When it comes to environmental health, yards and gardens are generally talked about negatively. With invasive species accounting partially for the decline in 42% of US endangered species, it makes sense. Invasive plants, like water hyacinths and cordgrasses, often spread from gardens, and there are other environmental concerns as well. For one, most yards use non-native grasses which not only choke out local plant life but also contribute to erosion and water waste. There are, however, ways to landscape and garden that are much more eco-friendly.
Start Thinking in Environmental Terms
Gardening with the environment in mind can get you thinking about eco-friendly living more generally. For instance, you might start growing food in your garden which is a great way to eat more sustainably. After all, it takes far less energy to go out to a plot in your yard than to have your tomatoes trucked in. Good starter vegetables include peppers, tomatoes, and beans. As you move towards sustainable food production, you'll find that this and other eco-friendly practices such as composting all work together to reduce waste and keep your garden healthy and beautiful. Once you start thinking sustainably you'll be surprised at how many opportunities for greener living your garden has to offer.

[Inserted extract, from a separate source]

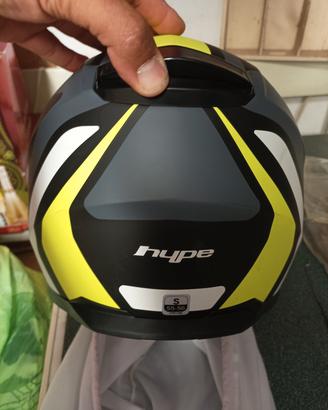 due giubbotti Alyke e un casco hype
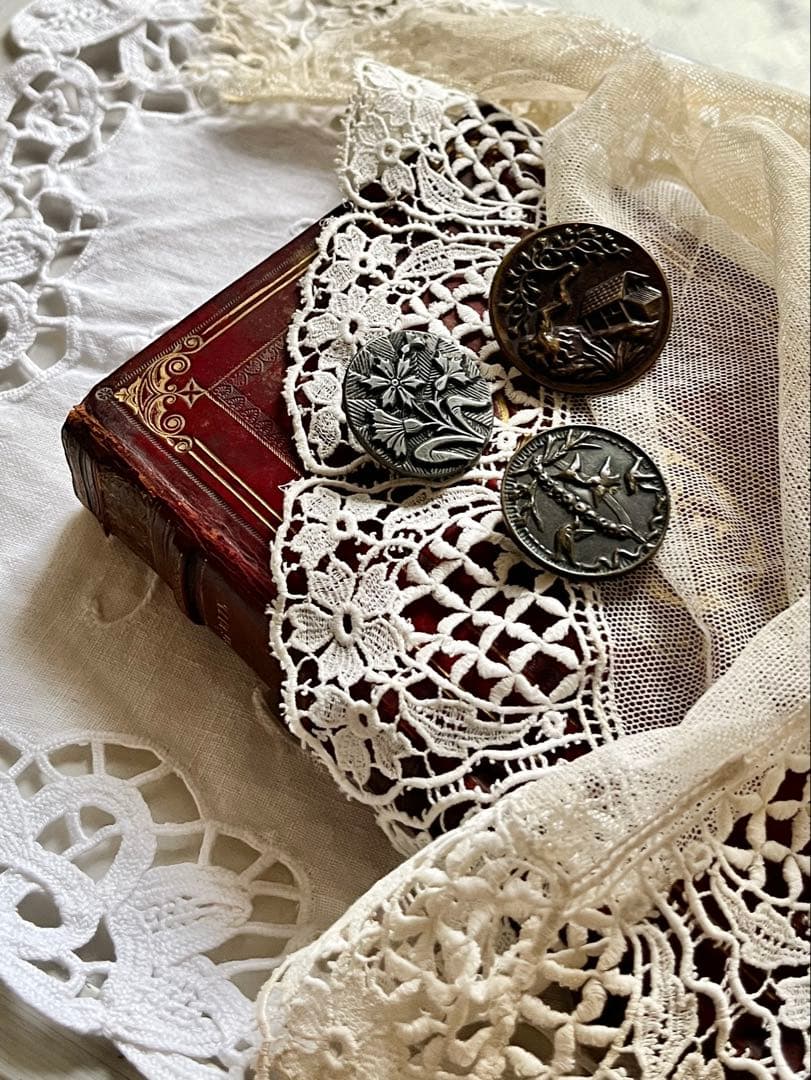 ◆フランスアンティーク｜超希少ボタン黒ブラックパリ花鳥真鍮メタル彫刻シルバー金属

Combat Erosion With Deep Root Plants
With the right planning, your yard and garden can support the local environment. In particular, you want to find plants that are native to Northern California, and think about how your landscaping will affect water retention and water flow. Water is one of the most valuable environmental resources and better water retention starts with home gardens. Adding plants and trees with deep root systems, such as the California wild lilac, is one way to promote water retention. You can also think about using a greywater system for gardening — reusing wastewater from sinks, bathtubs, and the like to keep your garden watered.
Garden to Boost Biodiversity
Gardens can also be a boon to important pollinators like bees and other at-risk species. Planting in clumps to make it easier for pollinators to reach more flowers, focusing on bee-friendly flower species like western redbuds and California poppies, and making sure water is available nearby are all good ways to make your garden a bee haven. Other important insect life will find shelter in a well-kept garden too, providing food for animals higher up the food chain and supporting local biodiversity.
If you're a project-oriented thinker, you might focus on turning your garden into a wildlife habitat. Starting with re-planting native species, you can follow a few simple rules to make your yard into a safer space for local animal populations. As you go, you'll learn more about the animals that come to live there, and it can be a great teaching experience for kids too, as they'll get to see animal lifecycles and how different species interact together.
A beautiful garden isn't a lost cause, environmentally speaking. Instead, you should view gardens as an opportunity to help the environment and practice sustainable thinking. Gardens can teach us a lot about the lives of plants and animals, as well as how plants work together in a healthy ecosystem. From food production to water retention to teaching opportunities, a garden is a great asset in the fight for environmental health.